These labels were automatically added by AI and may be inaccurate. For details, see About Literature Database.
Abstract
Despite the continued research and progress in building secure systems,
Android applications continue to be ridden with vulnerabilities, necessitating
effective detection methods. Current strategies involving static and dynamic
analysis tools come with limitations like overwhelming number of false
positives and limited scope of analysis which make either difficult to adopt.

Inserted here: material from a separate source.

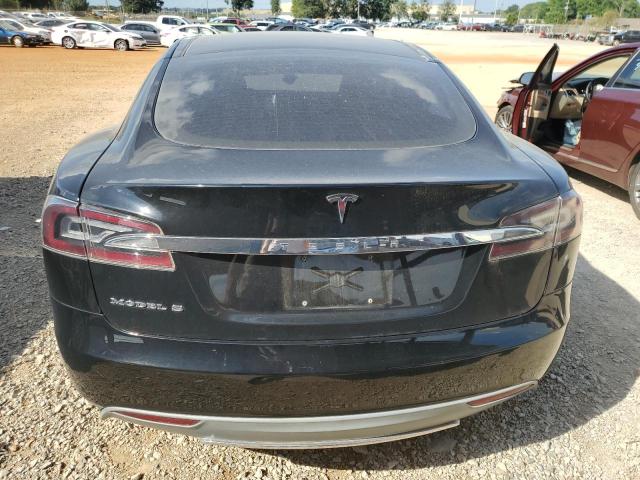 Photo 5 VIN: 5YJSA1H10EFP30573 - TESLA MODEL S 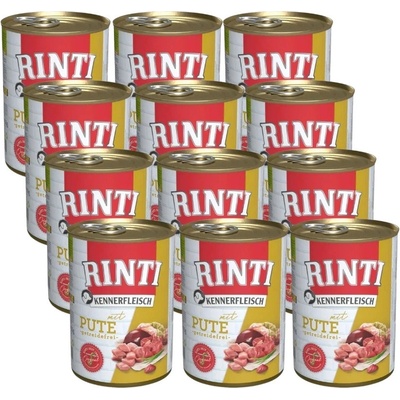 Rinti Kennerfleisch moriak 12 x 400 g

Over the past years, machine learning based approaches have been extensively
explored for vulnerability detection, but its real-world applicability is
constrained by data requirements and feature engineering challenges. Large
Language Models (LLMs), with their vast parameters, have shown tremendous
potential in understanding semnatics in human as well as programming languages.
We dive into the efficacy of LLMs for detecting vulnerabilities in the context
of Android security. We focus on building an AI-driven workflow to assist
developers in identifying and rectifying vulnerabilities. Our experiments show
that LLMs outperform our expectations in finding issues within applications
correctly flagging insecure apps in 91.67% of cases in the Ghera benchmark. We
use inferences from our experiments towards building a robust and actionable
vulnerability detection system and demonstrate its effectiveness. Our
experiments also shed light on how different various simple configurations can
affect the True Positive (TP) and False Positive (FP) rates.